Project 7: ANN Classifiers

Objectives

Requirements

Backpropogation and "hidden layers" are often a confusing "mystery" to the data mining student. In order to overcome this mystery, there is no better mechanism than building your own ANN.

Consider the following depiction of a relatively simple ANN.

The network for this exercise has three neurons in the input layer, two neurons in a hidden layer, and three neurons in the output layer. While networks are trained with large training sets, for this exercise we will only use one training example: when the inputs are (1, 0.25, -0.5), the outputs should be (1, -1, 0).

Your goal for this assignment is to implement the above ANN (ideally in a semantically meaningful OO manner) and to implement a train method that uses a backpropogate method to adjust the weights such that, after training, the weights of each value are such that the outputs (1, -1, 0) are generated by your ANN. Your implementation should initialize weights using a random approach (eg, between -1 and 1).

There are many ways to accomplish this implementation of backpropogation. You will not necessarily be penalized for strange, elaborate, or ad-hoc implementations of backpropogation -- as long as your ANN can be trained to generate the above output, given the input of (1, 0.25, -0.5). See the grading critera below for more information.

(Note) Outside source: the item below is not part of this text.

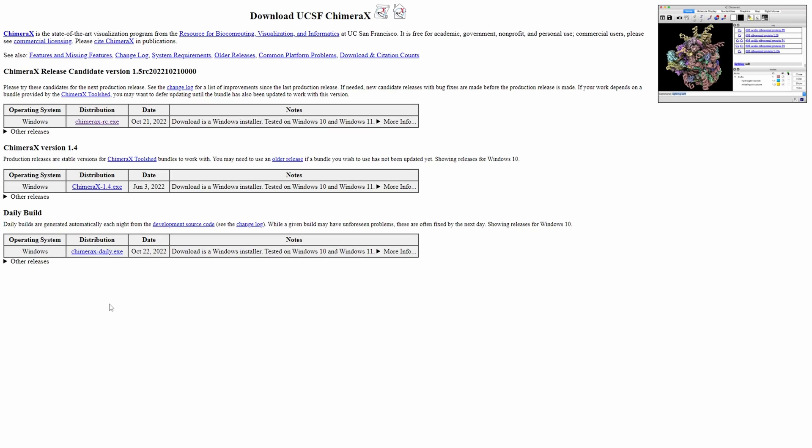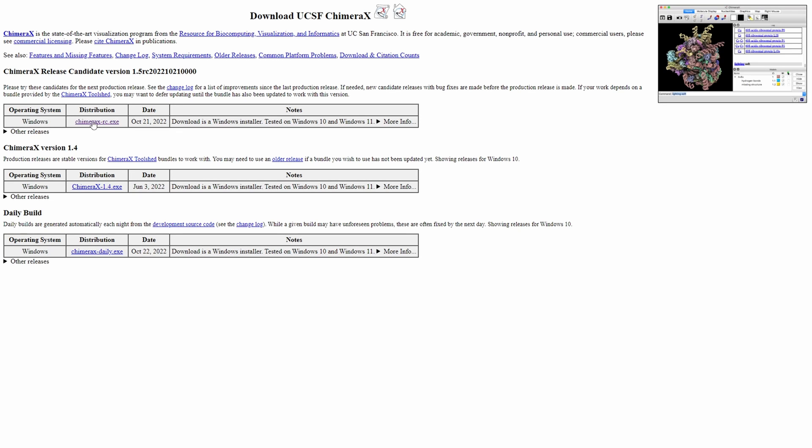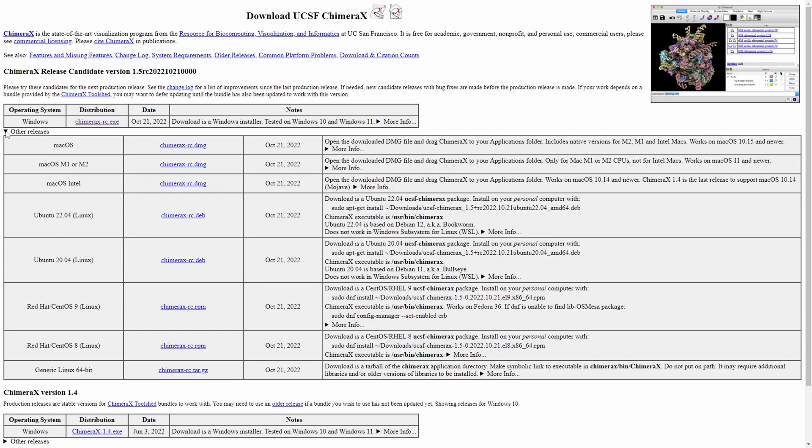The link in the description will take you to this page right here where you can download Chimera X. Now, I'm using a Windows computer, so I would use this top version right here, but if you're using Mac or Linux, you can go ahead and click the dropdown in the left under Operating System and select the proper version for your computer.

This is a really fun challenge despite your approach (hack-first vs. math-first, etc)! and I think you'll find that in the end, backpropogation (and why we must backpropogate) will be clear.

Hints

Start with the overall OO model and API first. What do you see in the above diagram? A Network. Layers. Neurons (or nodes).

Chapter 4 of Collective Intelligence "Searching and Ranking" has a Python implementation of BP. While you are encouraged to start from a blank slate ("How the heck to I get all my weights right, given the input and desired output?") you should definitely consult Segaran's implementation if you get stuck.

Grading Criteria (1000 points)

You must have committed and pushed a copy of your code, which at minimum demonstrates the creation and supporting API for the ANN defined above.

750 points: Clear, well-defined structure of the ANN and the necessary API. (If not OO, then you'd best use meaningful identifier names and some comments). Demonstrated instantiation / creation of the above network's structure.

1000 points: Successful implementation of a train method.

Due Date(s)

Milestone 1, Friday, Nov. 4: you must push your implementation that contains the overall structure and API for your ANN, with a demonstrated instantiation/creation of the network.

Milestone 2, Monday, Nov. 7: you must push your final work, demonstrating a successful implementation of the network's training (input of 1, 0.25, -0.5 and output of 1, -1, 0).

This assignment is due by midnight on Monday, November 7.